Death dominates Shadows of the Evening, the better half of a diverse Coward double-bill that includes the vaudevillian Red Peppers, elegantly directed by Sheridan Morley.
Coward wrote Shadows of the Evening when he was in ailing health, in the mid-1960s, and it is the writer offering his last will and testament. His hero George is a publisher who seven years ago abandoned his wife Anne for his mistress Liliane, and who now learns he has only a few months to live. Flanked in a Swiss hotel suite by the two people he has loved most, George cuts through their icily evasive banter and urges them to accept his extinction.
The play tells us a lot about Coward: his indestructible ego, his lifelong secularism and, above all, his joyous state of arrested development. George, as the author's spokesman, equates death with the last day of the school holidays.
Dramatically, the play also shows Coward never lost his touch: Anne's defensive articulacy and Liliane's naked grief are constantly undercut by George's ebullient sang-froid. Excellently directed by Morley and eloquently played by Jeremy Clyde as the dying publisher, Annabel Leventon as the passionate mistress and Jane How as the uptight wife, the play shows Coward confronting death with what John Donne called "a memory of yesterday's pleasures".
Written in 1936, Red Peppers makes an odd companion-piece.

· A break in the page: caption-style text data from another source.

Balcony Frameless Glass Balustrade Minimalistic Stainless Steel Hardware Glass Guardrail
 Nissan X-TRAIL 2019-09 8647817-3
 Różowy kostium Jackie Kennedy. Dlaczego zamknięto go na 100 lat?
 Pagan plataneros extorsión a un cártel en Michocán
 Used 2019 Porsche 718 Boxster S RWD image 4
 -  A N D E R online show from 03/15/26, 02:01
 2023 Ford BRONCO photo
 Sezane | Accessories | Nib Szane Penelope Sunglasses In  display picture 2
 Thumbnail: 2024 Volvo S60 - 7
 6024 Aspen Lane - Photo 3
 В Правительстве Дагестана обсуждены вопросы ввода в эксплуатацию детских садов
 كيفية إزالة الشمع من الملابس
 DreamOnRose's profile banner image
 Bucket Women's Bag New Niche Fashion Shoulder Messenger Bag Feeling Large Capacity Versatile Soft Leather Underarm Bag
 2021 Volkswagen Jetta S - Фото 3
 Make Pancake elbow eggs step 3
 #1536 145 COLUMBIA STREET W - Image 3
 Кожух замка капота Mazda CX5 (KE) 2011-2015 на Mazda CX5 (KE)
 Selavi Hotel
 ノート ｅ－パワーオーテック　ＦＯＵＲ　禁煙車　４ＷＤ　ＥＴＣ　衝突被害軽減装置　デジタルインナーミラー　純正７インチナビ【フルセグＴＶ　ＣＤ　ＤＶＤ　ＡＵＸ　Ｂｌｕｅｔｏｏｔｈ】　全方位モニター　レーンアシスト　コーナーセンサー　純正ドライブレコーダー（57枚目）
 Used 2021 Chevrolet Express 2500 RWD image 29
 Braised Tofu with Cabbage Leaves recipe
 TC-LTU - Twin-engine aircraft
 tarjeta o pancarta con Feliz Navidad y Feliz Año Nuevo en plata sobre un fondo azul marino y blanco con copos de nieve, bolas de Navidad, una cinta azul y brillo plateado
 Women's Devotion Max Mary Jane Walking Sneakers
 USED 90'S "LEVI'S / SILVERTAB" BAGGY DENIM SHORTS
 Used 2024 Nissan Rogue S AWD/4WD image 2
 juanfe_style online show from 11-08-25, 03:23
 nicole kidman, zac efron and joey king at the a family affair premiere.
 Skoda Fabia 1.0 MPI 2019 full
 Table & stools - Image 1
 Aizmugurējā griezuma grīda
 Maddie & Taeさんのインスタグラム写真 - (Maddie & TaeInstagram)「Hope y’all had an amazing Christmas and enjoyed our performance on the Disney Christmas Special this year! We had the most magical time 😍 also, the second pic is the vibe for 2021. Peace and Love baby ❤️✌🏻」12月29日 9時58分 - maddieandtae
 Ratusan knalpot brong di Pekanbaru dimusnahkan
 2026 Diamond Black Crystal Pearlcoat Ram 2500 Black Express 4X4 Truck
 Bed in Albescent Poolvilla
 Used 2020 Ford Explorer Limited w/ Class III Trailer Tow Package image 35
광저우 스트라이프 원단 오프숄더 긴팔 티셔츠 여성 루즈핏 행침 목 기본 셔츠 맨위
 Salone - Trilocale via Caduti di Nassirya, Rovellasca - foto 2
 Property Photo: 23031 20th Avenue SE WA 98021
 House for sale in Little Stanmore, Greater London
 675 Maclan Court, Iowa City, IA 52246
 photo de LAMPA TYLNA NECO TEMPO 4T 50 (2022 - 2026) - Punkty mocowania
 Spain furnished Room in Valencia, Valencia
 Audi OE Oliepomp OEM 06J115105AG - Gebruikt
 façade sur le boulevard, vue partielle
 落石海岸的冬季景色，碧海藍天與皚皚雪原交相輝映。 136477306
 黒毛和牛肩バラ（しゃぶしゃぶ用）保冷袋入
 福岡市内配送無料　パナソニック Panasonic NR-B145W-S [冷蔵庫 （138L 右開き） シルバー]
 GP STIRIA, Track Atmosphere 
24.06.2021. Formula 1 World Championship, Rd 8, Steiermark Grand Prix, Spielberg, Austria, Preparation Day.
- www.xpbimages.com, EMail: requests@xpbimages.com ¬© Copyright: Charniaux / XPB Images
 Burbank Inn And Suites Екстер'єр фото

I've always been fond of the play, in which a tatty song-and-dance duo fall out with each other, their musical director and the theatre manager, and defend their shrinking world against the incursions of film.
But - although Peter Land and Annabel Leventon jovially conjure up the forgotten awfulness of the halls - the piece demands a real orchestra: Jeremy Nicholas as the vengeful MD spiritedly attacks the ivories but can't match my memory of Hugh Lloyd, in the last West End revival, bobbing up and down in the pit while shooting panic-stricken smiles at the front stalls.